Very deep, but half the length
These days, most commercial cargo ships are built with bilge keels. The long, narrow keels run below the waterline along both sides of the ship, reducing its tendency to roll and providing better seakeeping qualities. Compared to conventional solutions, the bilge keels on WALLENIUS SOL’s new ships are around three times as deep but only half as long. According to calculations and measurements carried out at SSPA’s facility in Gothenburg, the keels provide excellent roll damping properties, with only a marginal increase in hydrodynamic drag.
“It’s always a matter of trade-offs between the different characteristics. We focus intently on minimising the ship’s drag to optimise fuel efficiency without ever compromising on load security. We have also made sure that the deeper keels are strong enough to withstand the stresses from winter ice,” says Carl-Johan Söder.
Scale model tests
Before a ship is built, every imaginable characteristic is tested both through calculations and practical tests. Like many others, Wallenius Marine performs its tests at SSPA, whose facility is on the Chalmers campus in Gothenburg.
“Many companies engage us to help them with everything from calculations to tests and simulations. Being an independent operator owned by the Chalmers Foundation makes us unique, and our research department is run free from commercial interests. This gives us credibility,” says Sofia Werner, Manager Strategic Research Hydrodynamics at SSPA.
The places where bilge keel characteristics were tested included the classic towing tank, a 260 metre basin that has remained in use ever since the facility was built in 1940. SSPA’s workshop builds models of ships – typically seven or eight metres long – to test operating characteristics, propellers and hydrodynamic drag in the basin.
Also works in practice
There is also a wave tank at SSPA where the models’ responses to various sea states can be studied. The tests include fuel consumption, stability and manoeuvrability.

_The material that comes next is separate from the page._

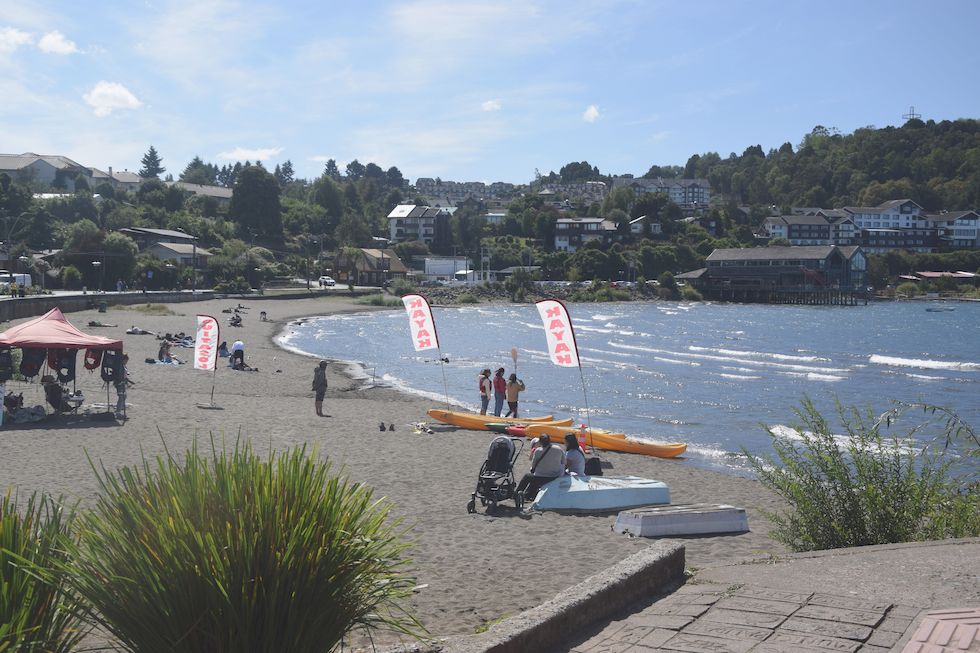 J010ap-0332-1-Puerto-Varas-Mole-7-3-m.jpg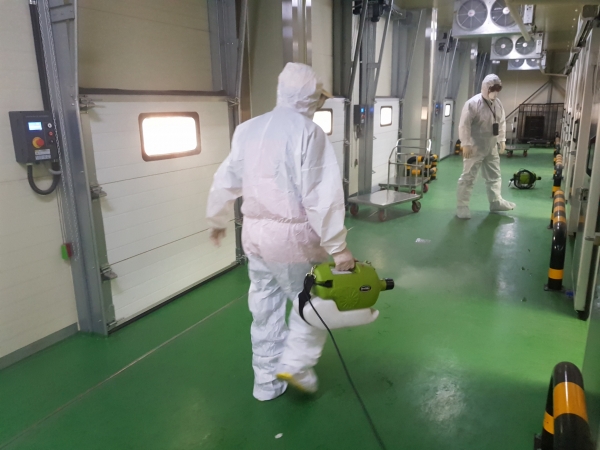 아산시 학교급식지원센터 내부 방역활동을 하고 있다.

“When checking roll damping, the model remains stationary in the tank. Next, we simply push the model from one side until it begins to list, and then we measure how long it takes to steady again,” says Sofia Werner.
Carl-Johan Söder tells us that although this type of bilge keel may be unconventional, it has proved to be extremely effective.
“We tested a similar design on an earlier car transporter ship, so we know this type of solution not only works in tests, but also in practice. While finding smart, bilge keel solutions is not our main focus in the majority of ship designs, we are always keen to consider every aspect of a design,” says Carl-Johan Söder.
SSPA in a nutshell
SSPA is owned by the Chalmers Foundation and conducts research, studies and test activities in the maritime field. SSPA has its own workshop where it designs and builds models of ships for test purposes. Testing activities cover four main areas:
At 260 metre still-water basin used for testing hydrodynamic drag and propeller characteristics.
A large pipe in which models are subjected to water under high pressure to test cavitation characteristics. Cavitation is a pressure phenomenon that occurs e.g. around rapidly turning propellers, and which can cause damage to both the propeller and hull.
Various types of waves are generated to test a vessel’s seakeeping characteristics. Among other things, fuel consumption, stability and manoeuvrability are studied.
Used for e.g. testing new types of vessels or new fairways. The simulator calculation model is constantly cross checked with real-world data to ensure the best possible realism and accuracy.